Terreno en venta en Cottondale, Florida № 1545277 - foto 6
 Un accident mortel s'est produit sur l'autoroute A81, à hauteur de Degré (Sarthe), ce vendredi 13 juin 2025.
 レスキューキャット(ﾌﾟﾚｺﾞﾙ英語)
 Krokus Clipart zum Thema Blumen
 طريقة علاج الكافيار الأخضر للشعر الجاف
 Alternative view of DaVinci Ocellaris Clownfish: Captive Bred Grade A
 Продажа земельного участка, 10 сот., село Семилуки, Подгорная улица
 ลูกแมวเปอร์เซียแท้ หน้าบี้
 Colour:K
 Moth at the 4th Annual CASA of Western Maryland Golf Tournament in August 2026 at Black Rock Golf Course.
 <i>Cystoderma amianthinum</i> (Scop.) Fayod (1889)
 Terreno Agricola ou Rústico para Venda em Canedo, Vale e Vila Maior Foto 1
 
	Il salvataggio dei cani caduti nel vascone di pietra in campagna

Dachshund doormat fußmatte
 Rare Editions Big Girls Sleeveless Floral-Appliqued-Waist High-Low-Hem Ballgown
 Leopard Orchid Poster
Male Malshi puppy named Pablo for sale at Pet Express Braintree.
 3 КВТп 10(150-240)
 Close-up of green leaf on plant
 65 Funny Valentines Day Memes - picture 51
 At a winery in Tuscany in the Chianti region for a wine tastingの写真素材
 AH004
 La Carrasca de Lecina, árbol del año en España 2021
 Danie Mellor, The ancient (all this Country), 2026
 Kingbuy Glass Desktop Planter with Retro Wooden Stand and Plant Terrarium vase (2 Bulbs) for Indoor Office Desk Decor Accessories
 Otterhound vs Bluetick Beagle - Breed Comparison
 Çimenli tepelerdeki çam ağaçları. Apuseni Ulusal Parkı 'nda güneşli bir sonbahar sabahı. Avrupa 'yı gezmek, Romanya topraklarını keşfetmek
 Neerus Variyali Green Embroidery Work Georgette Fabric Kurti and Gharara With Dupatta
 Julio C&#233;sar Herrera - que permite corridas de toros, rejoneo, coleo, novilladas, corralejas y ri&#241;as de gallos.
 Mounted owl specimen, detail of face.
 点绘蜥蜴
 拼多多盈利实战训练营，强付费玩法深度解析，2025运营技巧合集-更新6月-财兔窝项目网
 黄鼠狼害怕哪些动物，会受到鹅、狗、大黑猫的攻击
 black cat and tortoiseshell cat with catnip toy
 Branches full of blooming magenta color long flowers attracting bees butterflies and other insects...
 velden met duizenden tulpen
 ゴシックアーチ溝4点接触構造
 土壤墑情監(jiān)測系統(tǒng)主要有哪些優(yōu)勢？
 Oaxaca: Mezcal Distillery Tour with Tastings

+ + + + + + +

If a line of the listing above holds the string "Terreno", copy it.

### YOUR SOLUTION
Terreno en venta en Cottondale, Florida № 1545277 - foto 6
 Terreno Agricola ou Rústico para Venda em Canedo, Vale e Vila Maior Foto 1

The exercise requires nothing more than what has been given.